As mentioned in the previous articles, the video is transcribed by one of the linguist experts, before a native speaker of that language proofreads that transcription. This is standard procedure at EVS Translations, as we want to ensure that no nuances, idioms, or cultural differences arise within these transcriptions that could skew the message. That is also why only native speakers of that language will proofread the text afterwards – to ensure top quality.
After the transcription, a native speaker of the target language now translates the text with the help of CAT-tools and industry-specific glossaries, although customer-specific word banks can also be used upon request. Once the translation is complete and proofread by yet another native speaker of the target language, it is sent back to the Translation Engineering team for video incorporation.

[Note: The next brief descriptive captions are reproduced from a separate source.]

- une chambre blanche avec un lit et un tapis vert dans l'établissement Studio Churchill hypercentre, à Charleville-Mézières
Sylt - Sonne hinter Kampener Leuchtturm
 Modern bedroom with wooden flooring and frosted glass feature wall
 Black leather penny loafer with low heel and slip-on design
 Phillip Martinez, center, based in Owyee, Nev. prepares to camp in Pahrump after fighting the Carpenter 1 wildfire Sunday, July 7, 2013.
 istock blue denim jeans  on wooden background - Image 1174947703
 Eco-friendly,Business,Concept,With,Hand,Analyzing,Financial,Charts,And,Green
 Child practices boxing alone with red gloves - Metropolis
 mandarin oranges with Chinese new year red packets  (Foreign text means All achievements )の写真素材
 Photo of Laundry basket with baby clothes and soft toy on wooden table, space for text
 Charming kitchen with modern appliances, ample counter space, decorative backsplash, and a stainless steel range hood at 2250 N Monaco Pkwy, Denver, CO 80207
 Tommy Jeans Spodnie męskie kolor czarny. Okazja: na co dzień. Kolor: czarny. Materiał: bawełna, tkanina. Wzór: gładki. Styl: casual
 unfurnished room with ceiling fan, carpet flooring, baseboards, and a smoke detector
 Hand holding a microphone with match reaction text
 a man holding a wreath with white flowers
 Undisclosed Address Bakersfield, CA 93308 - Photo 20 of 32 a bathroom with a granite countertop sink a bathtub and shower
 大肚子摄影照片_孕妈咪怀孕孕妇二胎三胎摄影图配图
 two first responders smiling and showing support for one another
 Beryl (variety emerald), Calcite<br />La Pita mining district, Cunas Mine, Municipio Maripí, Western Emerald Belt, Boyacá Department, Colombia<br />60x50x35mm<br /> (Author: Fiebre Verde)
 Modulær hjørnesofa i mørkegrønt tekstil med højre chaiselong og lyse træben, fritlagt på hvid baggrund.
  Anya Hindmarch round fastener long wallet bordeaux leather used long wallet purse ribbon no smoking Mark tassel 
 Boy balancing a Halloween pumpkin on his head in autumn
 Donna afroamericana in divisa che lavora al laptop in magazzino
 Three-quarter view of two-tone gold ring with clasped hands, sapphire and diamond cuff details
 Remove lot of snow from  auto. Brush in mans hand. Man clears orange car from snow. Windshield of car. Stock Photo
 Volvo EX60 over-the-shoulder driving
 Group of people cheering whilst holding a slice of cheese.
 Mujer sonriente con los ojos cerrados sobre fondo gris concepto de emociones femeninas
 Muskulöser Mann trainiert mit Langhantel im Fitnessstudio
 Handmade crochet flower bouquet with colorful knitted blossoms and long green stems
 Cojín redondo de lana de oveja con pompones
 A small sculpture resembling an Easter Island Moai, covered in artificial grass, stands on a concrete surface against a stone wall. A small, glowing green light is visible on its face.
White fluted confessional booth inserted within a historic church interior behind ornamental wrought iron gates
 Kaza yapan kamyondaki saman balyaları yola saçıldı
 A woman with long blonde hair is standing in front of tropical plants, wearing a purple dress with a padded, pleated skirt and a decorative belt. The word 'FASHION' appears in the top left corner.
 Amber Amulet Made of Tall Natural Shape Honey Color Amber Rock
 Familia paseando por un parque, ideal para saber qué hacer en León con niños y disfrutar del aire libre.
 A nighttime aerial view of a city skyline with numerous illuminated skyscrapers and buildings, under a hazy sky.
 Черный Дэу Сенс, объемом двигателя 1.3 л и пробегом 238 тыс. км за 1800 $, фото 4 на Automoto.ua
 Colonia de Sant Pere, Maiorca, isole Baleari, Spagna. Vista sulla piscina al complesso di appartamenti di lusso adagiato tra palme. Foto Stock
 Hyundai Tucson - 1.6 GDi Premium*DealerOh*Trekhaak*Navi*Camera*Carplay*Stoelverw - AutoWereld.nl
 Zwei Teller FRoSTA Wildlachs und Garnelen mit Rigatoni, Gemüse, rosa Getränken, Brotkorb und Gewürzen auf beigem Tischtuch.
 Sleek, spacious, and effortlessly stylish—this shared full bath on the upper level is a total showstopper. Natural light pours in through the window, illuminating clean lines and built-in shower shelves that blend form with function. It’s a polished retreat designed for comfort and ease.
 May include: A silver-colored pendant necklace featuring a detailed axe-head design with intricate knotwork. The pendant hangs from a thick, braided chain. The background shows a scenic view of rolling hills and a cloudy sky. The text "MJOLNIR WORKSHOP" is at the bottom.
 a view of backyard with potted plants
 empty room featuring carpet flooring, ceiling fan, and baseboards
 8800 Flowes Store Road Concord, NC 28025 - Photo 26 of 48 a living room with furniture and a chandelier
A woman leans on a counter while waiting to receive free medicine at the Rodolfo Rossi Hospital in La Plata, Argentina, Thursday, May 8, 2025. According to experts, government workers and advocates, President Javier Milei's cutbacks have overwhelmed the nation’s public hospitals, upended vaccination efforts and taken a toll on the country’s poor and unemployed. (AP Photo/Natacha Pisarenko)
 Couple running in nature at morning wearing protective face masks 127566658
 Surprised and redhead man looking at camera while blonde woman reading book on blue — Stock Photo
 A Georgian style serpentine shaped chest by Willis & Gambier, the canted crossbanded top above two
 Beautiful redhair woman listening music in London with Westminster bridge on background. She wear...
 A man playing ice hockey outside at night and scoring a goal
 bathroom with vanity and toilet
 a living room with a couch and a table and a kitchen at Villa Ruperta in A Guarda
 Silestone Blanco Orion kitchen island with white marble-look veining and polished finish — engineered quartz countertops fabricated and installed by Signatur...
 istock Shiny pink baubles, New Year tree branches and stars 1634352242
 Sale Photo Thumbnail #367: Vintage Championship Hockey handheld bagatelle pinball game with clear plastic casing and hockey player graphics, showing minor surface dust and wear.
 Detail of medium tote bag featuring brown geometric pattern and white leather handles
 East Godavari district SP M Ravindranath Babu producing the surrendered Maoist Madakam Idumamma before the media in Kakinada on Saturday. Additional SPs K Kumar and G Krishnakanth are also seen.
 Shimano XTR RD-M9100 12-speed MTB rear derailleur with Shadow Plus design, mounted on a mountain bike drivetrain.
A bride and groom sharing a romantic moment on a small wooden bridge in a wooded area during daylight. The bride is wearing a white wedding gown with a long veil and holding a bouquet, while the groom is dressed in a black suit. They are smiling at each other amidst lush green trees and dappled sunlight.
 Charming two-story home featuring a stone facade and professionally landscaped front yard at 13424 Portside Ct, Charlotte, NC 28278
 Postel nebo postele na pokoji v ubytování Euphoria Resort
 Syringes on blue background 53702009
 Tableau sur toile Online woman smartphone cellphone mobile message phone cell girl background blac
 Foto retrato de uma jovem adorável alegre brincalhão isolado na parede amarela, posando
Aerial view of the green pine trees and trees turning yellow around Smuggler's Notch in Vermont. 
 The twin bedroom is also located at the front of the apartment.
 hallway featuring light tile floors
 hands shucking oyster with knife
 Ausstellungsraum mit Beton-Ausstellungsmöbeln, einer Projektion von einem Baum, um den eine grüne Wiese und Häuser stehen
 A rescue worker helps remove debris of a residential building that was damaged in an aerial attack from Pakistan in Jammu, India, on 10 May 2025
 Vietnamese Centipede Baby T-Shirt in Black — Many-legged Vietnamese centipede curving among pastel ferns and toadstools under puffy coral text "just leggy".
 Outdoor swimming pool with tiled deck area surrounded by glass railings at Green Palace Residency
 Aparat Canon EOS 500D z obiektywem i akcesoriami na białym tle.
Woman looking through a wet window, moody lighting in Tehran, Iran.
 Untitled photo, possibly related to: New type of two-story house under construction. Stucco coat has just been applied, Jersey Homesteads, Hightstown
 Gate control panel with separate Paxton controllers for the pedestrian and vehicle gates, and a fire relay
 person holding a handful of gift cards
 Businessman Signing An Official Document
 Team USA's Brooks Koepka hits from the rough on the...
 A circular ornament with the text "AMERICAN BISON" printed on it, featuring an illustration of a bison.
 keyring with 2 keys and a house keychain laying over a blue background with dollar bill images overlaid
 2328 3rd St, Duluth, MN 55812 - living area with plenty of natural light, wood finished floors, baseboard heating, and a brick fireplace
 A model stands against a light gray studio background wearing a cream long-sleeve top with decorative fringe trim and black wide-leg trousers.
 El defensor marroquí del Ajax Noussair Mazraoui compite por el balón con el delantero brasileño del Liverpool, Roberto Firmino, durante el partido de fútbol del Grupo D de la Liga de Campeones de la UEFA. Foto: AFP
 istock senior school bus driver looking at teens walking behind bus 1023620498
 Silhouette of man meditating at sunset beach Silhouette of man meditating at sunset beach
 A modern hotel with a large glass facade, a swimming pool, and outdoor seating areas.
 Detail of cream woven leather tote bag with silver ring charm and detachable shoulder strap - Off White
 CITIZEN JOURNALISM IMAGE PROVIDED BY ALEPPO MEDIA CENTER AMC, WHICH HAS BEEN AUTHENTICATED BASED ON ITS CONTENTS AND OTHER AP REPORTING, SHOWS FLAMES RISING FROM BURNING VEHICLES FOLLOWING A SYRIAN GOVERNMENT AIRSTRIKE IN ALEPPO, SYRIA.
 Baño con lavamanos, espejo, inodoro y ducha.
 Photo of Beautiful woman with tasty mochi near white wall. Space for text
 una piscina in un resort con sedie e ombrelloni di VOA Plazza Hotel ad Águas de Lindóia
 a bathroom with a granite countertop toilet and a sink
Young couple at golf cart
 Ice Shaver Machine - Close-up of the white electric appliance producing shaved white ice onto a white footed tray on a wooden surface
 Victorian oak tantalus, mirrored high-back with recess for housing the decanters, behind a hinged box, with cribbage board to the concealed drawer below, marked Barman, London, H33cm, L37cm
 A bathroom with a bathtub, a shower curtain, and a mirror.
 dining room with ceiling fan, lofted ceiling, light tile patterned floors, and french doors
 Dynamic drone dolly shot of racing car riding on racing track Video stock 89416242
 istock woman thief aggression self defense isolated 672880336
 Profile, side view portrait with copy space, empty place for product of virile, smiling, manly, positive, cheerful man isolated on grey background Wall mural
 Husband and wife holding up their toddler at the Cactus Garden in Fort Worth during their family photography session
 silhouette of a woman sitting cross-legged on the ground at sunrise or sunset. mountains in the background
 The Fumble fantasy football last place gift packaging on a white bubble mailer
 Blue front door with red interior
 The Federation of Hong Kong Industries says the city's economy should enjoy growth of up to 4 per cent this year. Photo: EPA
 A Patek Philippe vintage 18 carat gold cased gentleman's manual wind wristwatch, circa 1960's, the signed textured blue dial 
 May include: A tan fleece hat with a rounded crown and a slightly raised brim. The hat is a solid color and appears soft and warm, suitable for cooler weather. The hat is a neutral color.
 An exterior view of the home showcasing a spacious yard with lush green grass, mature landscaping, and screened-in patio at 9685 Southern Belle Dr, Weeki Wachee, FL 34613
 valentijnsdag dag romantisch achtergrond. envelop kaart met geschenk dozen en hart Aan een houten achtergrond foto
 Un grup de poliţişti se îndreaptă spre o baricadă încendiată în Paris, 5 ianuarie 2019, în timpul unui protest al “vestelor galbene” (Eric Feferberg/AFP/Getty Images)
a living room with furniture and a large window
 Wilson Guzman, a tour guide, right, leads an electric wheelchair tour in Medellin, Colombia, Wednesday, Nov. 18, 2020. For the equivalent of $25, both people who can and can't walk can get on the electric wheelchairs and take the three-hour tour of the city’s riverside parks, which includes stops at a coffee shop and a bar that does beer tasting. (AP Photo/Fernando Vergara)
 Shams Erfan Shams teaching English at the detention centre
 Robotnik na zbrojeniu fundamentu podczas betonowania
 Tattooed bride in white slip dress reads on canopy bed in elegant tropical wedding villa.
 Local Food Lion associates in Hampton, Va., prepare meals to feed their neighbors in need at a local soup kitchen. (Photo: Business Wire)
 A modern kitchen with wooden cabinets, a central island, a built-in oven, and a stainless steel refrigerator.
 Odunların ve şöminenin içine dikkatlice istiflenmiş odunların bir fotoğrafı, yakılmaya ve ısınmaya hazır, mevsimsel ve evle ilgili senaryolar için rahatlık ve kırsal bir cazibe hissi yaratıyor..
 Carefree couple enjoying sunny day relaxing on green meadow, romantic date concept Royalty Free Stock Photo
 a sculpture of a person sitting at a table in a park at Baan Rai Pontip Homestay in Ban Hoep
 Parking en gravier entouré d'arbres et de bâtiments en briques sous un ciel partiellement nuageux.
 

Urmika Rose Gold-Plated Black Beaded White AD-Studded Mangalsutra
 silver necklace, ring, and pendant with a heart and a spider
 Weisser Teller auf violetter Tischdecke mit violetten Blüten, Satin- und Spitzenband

Here, the subtitles have to be carefully worked back in, so that they coincide with speech breaks, grammatical elements, and context, but the hardest part of this step is the change in character length. As most languages have different kinds of syntax, they also have different word lengths, in which something like “Sorry” could turn into “Entschuldigung.” Given that this can easily throw off the character number on screen (about 70 characters is the EVS Translations standard), the team has to work hard to rearrange everything to make it fit and make sense again. But the end product is always a professional, multilingual video ready for corporate use.